Local activists and politicians filled the Great Hall of the Codman Square Health Center last night for the opening reception of "We Shall Not Be Moved," a documentary project by local photographer Kelly Creedon that documents the city's foreclosure crisis and the activism of City Life/Vida Urbana, the Bank Tenants Association and other advocates who help Bostonians keep their homes.
The project, which includes slideshows and audio testimony, documents 10 families (many of the stories can be found on the project's website) in Mattapan, Dorchester, Roxbury, East Boston and Hyde Park.
Dorrett Martin and Sandra Douglas are landlord and tenant who have lived in the same Dorchester home for 25 years, and now stand to lose it thanks to a subprime loan from when Martin refinanced in 2006. Ken Tildon was a successful entrepreneur, who owned Pluto, a store with locations in Jamaica Plain and Davis Square, and Zon's restaurant, but closed them down when his partner Frank got sick with colon cancer. Tildon soon faced foreclosure on his Roxbury home.
"I wanted to show the range of situations, and people at different places in the process," Creedon said at the opening reception on Saturday evening. "The majority of people are obviously low income, but not all of them are. I wanted to show a range of outcomes, but a lot of these cases are still unresolved years later."
(Read Creedon's Q and A with the Globe's Sam Allis.)
In 2010, there were 12,233 foreclosures in Massachusetts, up nearly 32 percent from 9,269 in 2009. Yet, many urban areas have seen a significant drop over the past year. In Roxbury, the rate dropped by 24.7 percent, from 85 foreclosures in 2009 to 64 last year, and in East Boston, they fell from 74 in 2009 to 63 in 2010.
City Life has a range of strategies to help the 950 families in its network stay in their homes, according to organizer Steve Meacham, including window signs, public letters of support, and eviction blockades. They are also working with Harvard's Legal Aid program to fight evictions in court, and with Boston Community Capital, which negotiates with banks and helps families buy back their homes at the current market value.
David Grossman, clinical professor at Harvard's legal aid bureau, said in Massachusetts, banks can pursue foreclosure without the approval of judge, and lawyers can only fight eviction cases. He added that legislation attempting to change that had been refilled this session.
Still, he added that his team had seen progress in the courts over the past four years, and that Boston Community Capital, which has helped about 100 families keep their homes in its year of existence, was "doing something no one else has done."

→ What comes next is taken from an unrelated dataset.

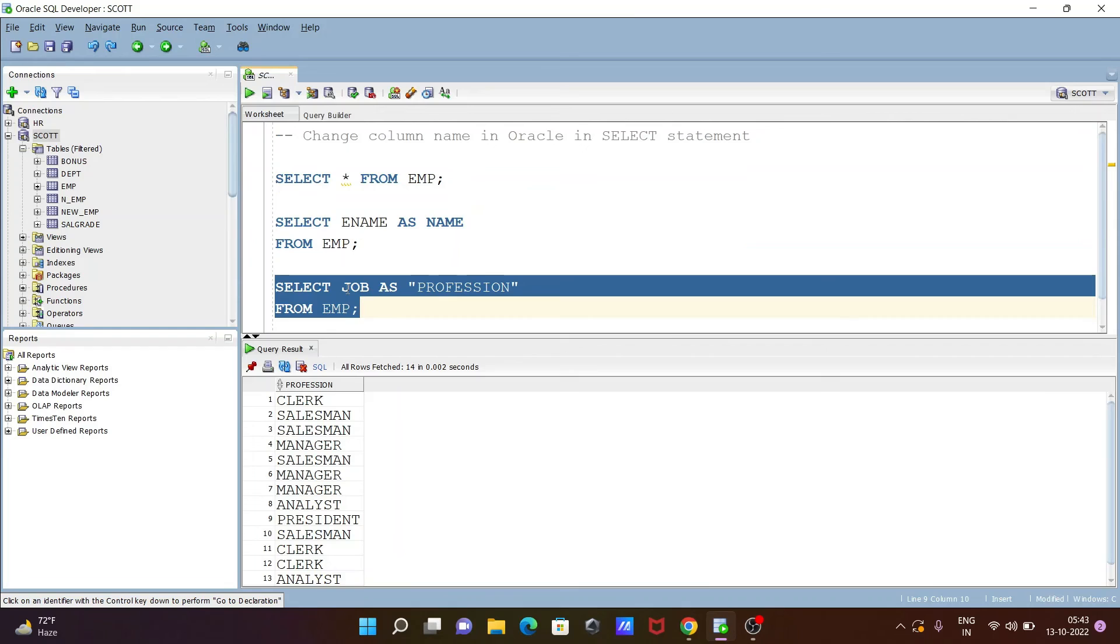So this is how we can change column name in Oracle using SELECT statement.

"Other cities around the country do not have the kind of fight we experience here in Boston," Grossman said. "But they are looking to what's going on here as a beacon to try to spread this movement, not only around the country, but around the world." He added that earlier that week, he and Meacham took a conference call with organizations in 20 different states that were modeling their anti-foreclosure work after Boston's model.
Creedon, who has been frequenting City Life's weekly Tuesday meetings since she started her project in 2008, said she checked in periodically with her subjects in the group setting, which Tildon described as "a family."
"Five years ago, I would have said, 'City what?'" Tildon said, describing his first City Life meeting. "What they gave me was a fight."